As you've probably heard by now, today marks the 20th anniversary of the stock market crash of 1987, which yanked down the Dow Jones Industrial Average by 22% in a single day. I can hardly think of a better way to commemorate one of the most famous stories of irrational expectations that ended in calamity than to discuss the world's frothiest, most overheated, and biggest waiting-for-trouble market: China.

The financial world is no stranger to bubbles. As we've seen with the stock market crash of 1929, the Nifty 50 in the early 1970s, Taiwan and Japan in the 1980s, the Nasdaq dot-com hoopla in 2000, and the real estate mania over the past seven years, there's rarely a shortage of stupidity somewhere in the markets.

One belief that tends to characterize these bubbles is that "it's different this time." People justified the incredible surge in the Japanese Nikkei average because they knew electronics would change the way our world functioned. They justified the Nasdaq boom by saying the Internet would forever change the way people do business. In both cases, those people were right about the effects on our lives -- but that didn't justify the massive speculation that dominated the market.

Sure, the Chinese economy has a lot going for it right now. For the first time since economic restructuring began in the 1970s, growth is being fueled by the citizens -- not the Communist government. Combine that with low interest rates, an increase in property values, growing corporate profits, and a sky-high personal savings rate ... and, heck, maybe it is different this time, right?
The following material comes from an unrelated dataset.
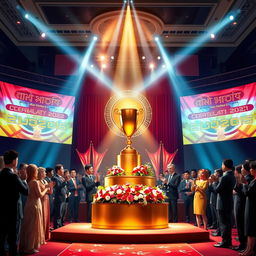 A stunning depiction of a prestigious award ceremony, featuring elegantly dressed guests in formal attire, with a grand stage illuminated by bright lights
Keep dreaming. Just as the day after Christmas used to depress me beyond belief, all excessively good things must come to an end.

Company

P/E

1-Year Return

China Finance Online (Nasdaq: JRJC  )

629

660%

Baidu.com (Nasdaq: BIDU  )

191

276%

Sina (Nasdaq: SINA  )

70

125%

Sohu.com (Nasdaq: SOHU  )

72

102%

China Unicom (NYSE: CHU  )

67

101%

Regardless of a slew of factors stacked in its favor, China is no exception to the rule that speculation always leads to a fall. Here are some of the factors that make the Chinese stock market look more like a Las Vegas casino floor than an attractive place for your money.

The big guys have left the building
Big-timers like Li Ka-shing -- whom some regard as the Warren Buffett of Asia -- along with Chinese central bank governor Zhou Xiaochuan and Alan Greenspan all share a strong sense of pessimism about the Chinese market. Unlike the U.S. stock market, which is dominated by hedge funds and mutual funds (whose managers, in theory, should know what they're doing), 70% of Chinese market activity comes from regular people. One-sixth of all Chinese individual brokerage accounts have been opened in the past year; the fact that the indices have more than doubled in value during the same period should come as no surprise.
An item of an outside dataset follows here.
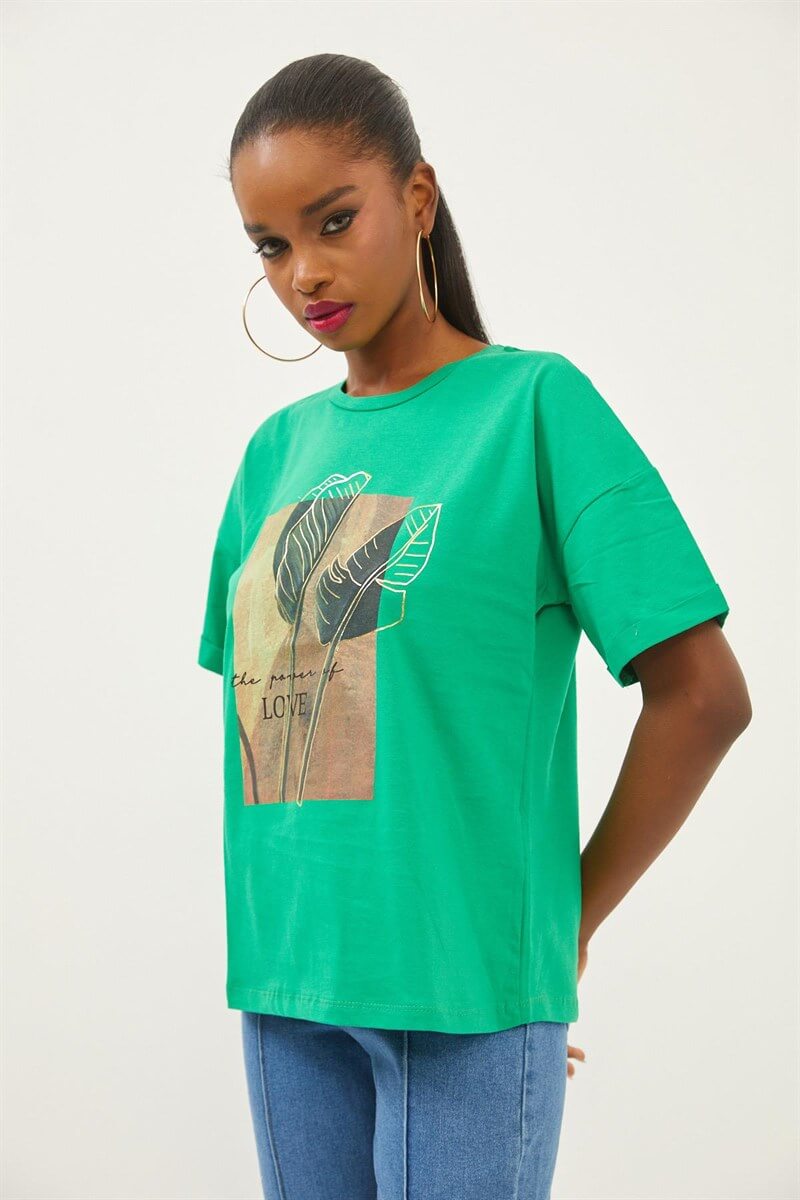 Yeşil Kısa Kollu T-ShirtST070S71281001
Eastday, a Chinese government-run website, announced in April that 10% of all the maids in Shanghai have resigned because day-trading stocks became more lucrative than traditional work. Here's a quick rule of thumb to remember in investing: When everybody and his or her mother is rushing to get in, it's time to pack your bags and head for the exits.

Rationality: a thing of the past
So much speculation has entered the Chinese market that some traders have opted to focus on superstition. Some are picking lucky ticker symbols that include the number 8, which in Chinese is a homonym for good luck. At this point, Sylvia Browne is starting to look rational.
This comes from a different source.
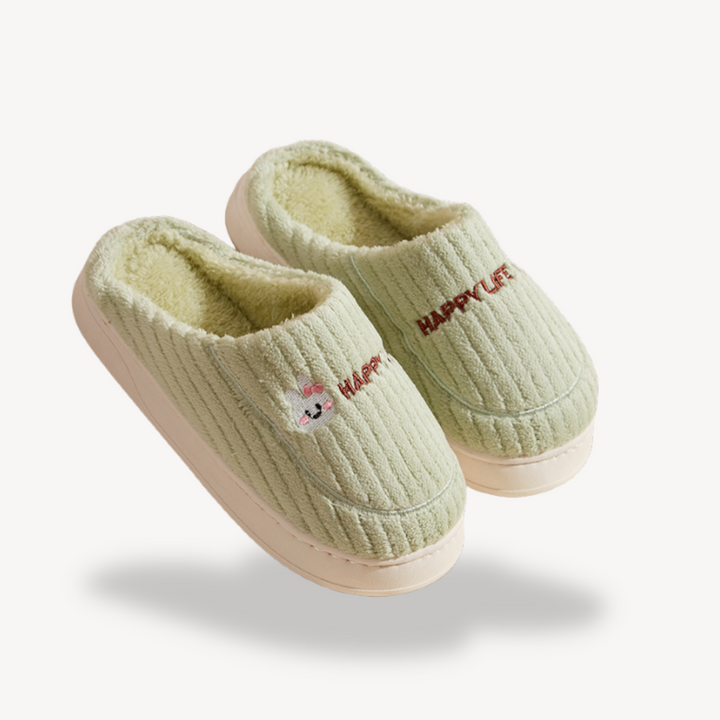 Orthopedic Unisex Plush Indoor Slippers with Embroidery | Loravelle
The Chinese market has all but abandoned the idea of investing in companies. It's now completely based around the fear of not getting aboard before the train takes off. As Buffett said, "Like most trends, at the beginning it's driven by fundamentals. At some point, speculation takes over. What the wise man does in the beginning, the fool does in the end."

As jittery as a hummingbird on Red Bull
And talk about neurotic. All it took in February was a tax on trading to send shares down more than 9%. Even the slightest hint of bad news could send shares falling faster than you can panic sell. I bet that'll make you feel different about taking a bathroom break.

Will China go any higher? It easily could. But that certainly doesn't mean you should hope to pick the top. Bubbles burst much more quickly than they form, and it could be far too late before you realize how much trouble you're in. Don't kick yourself for watching others make money by irrational means. Stick to sensible investing, and you'll always be left with the last laugh.

And if speculation is your thing, go to Las Vegas. Your odds of winning are better, and you'll eat for free.